YOUR ASSIGNMENT –
Everything in the data gets repeated exactly, except for the pictures.

↓↓↓

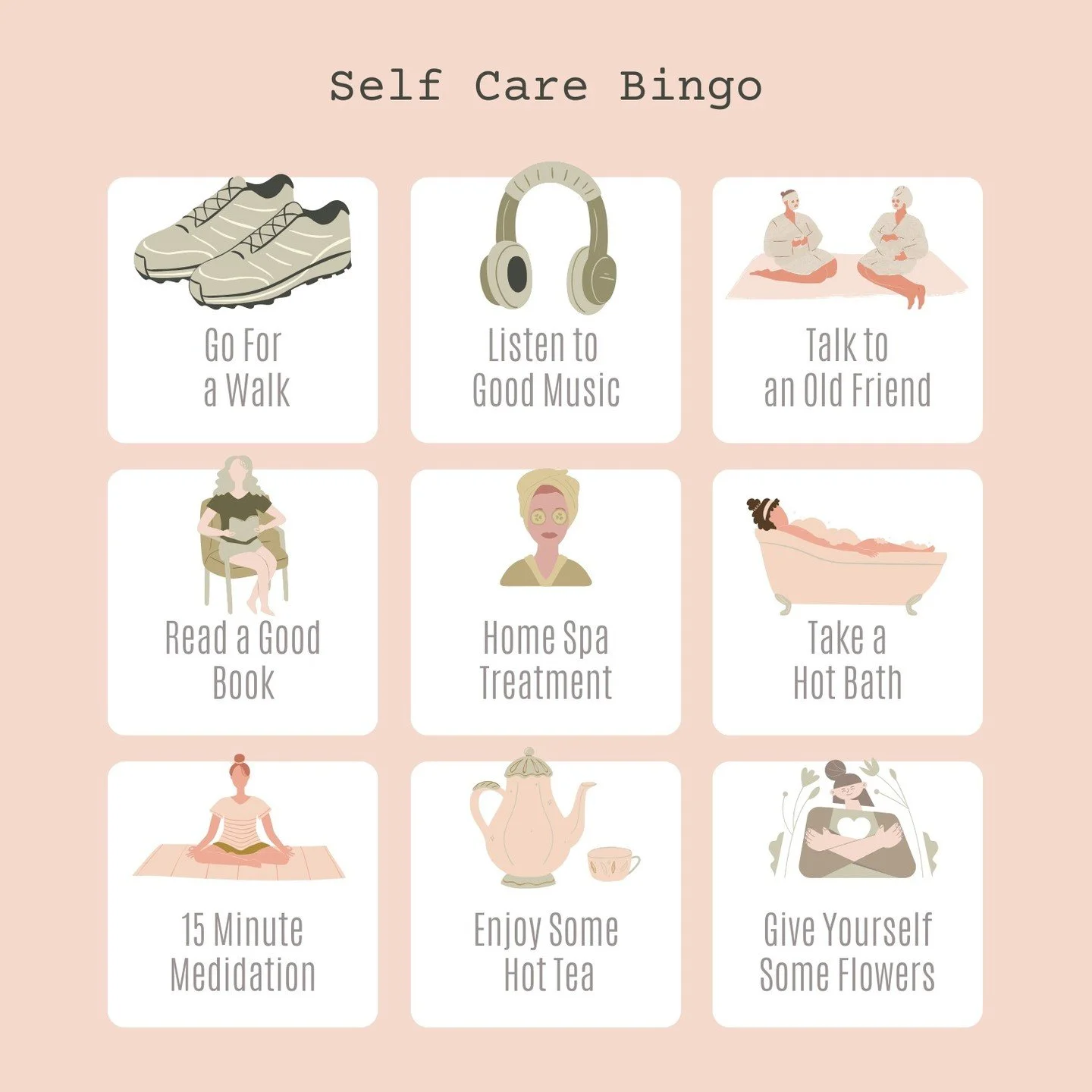 Take some time for yourself today - what can you choose to do?

#selfcareroutine #selfcare #sendparenting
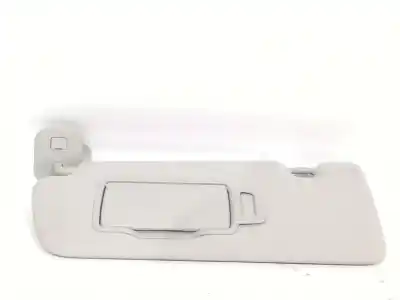 Second-hand car spare part left sunshade for renault captur ii (hf_) tce 160 (hfn1) oem iam references 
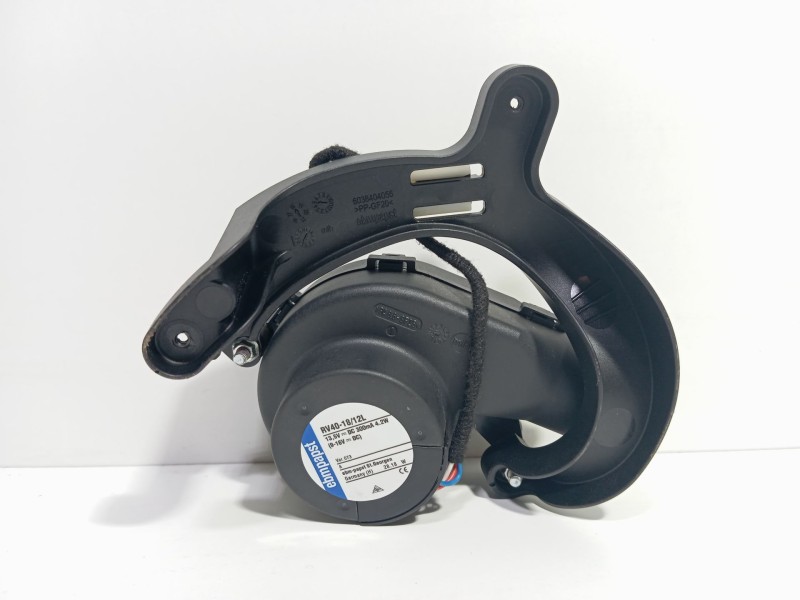 Recambio de modulo electronico para mercedes-benz clase c (w205) familiar c 220 t d (205.214) referencia OEM IAM 2059069903  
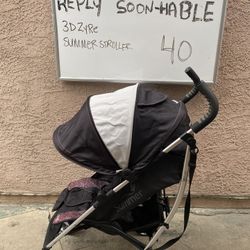 Stroller 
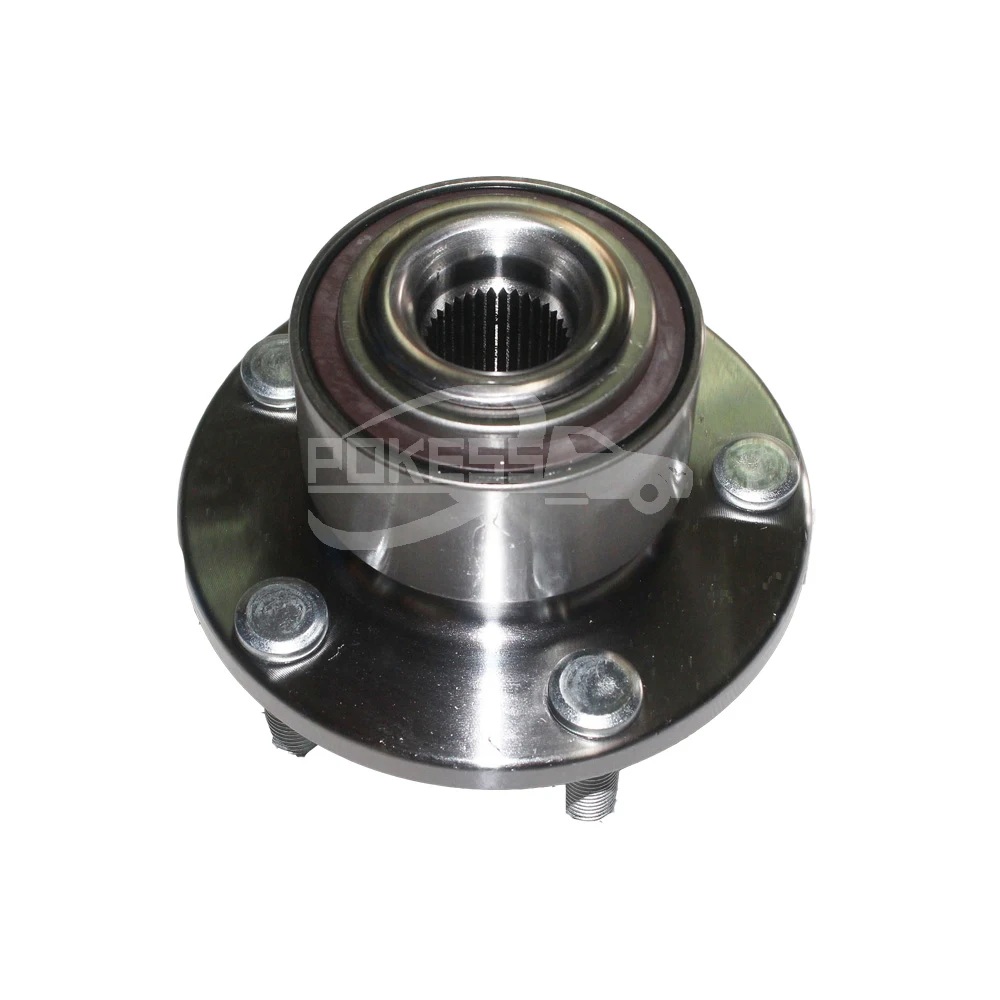 6M512C300AC 3M512C300CH 1471854 1336139 1326487 Front Wheel Hub Bearin... — 2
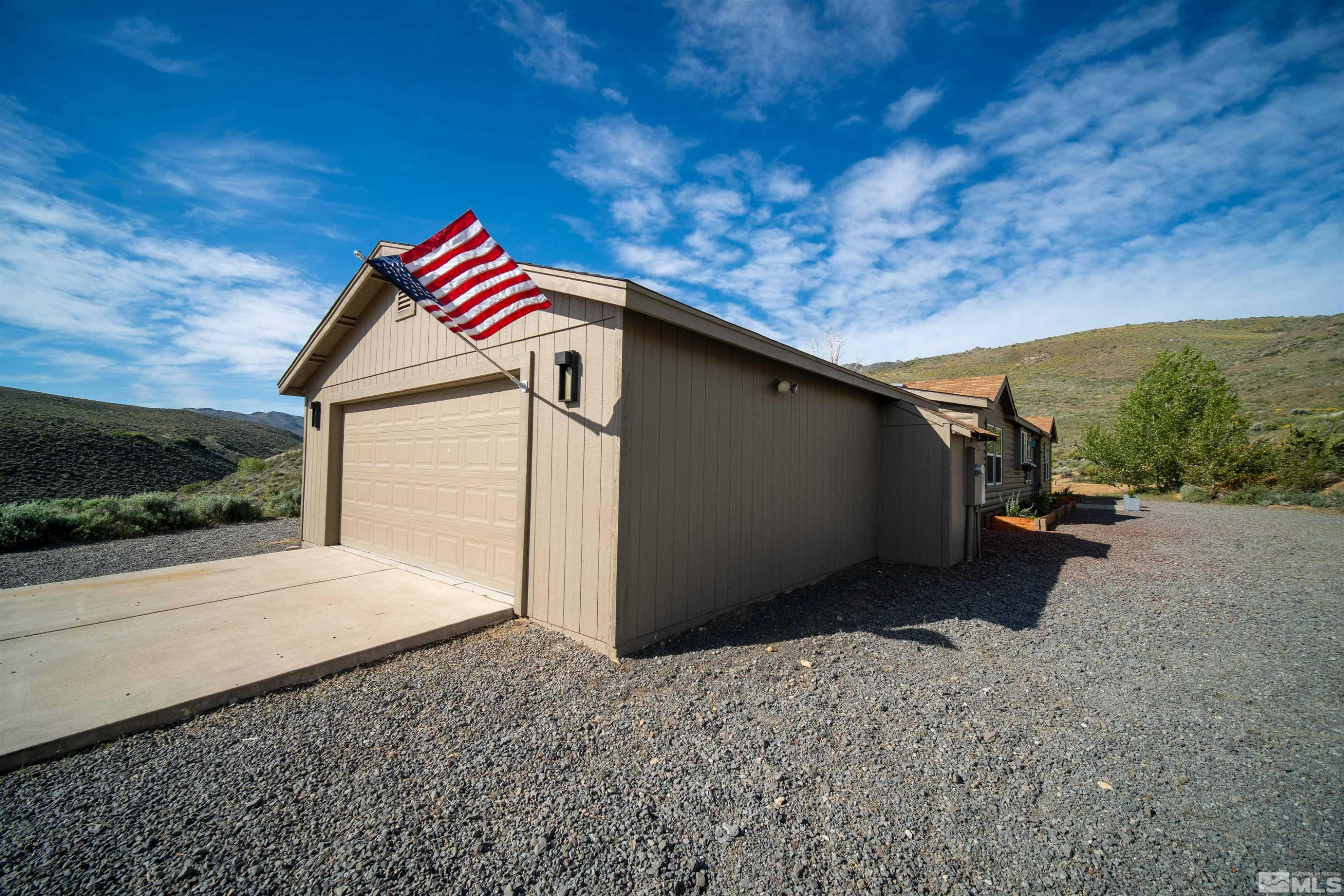 13705 North Red Rock Road Reno, NV 89508 - Photo 34 of 46 Photo 19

↑↑↑

TASK RESPONSE –
 Take some time for yourself today - what can you choose to do?

#selfcareroutine #selfcare #sendparenting
 Second-hand car spare part left sunshade for renault captur ii (hf_) tce 160 (hfn1) oem iam references 
 Recambio de modulo electronico para mercedes-benz clase c (w205) familiar c 220 t d (205.214) referencia OEM IAM 2059069903  
 Stroller 
 6M512C300AC 3M512C300CH 1471854 1336139 1326487 Front Wheel Hub Bearin... — 2
 13705 North Red Rock Road Reno, NV 89508 - Photo 34 of 46 Photo 19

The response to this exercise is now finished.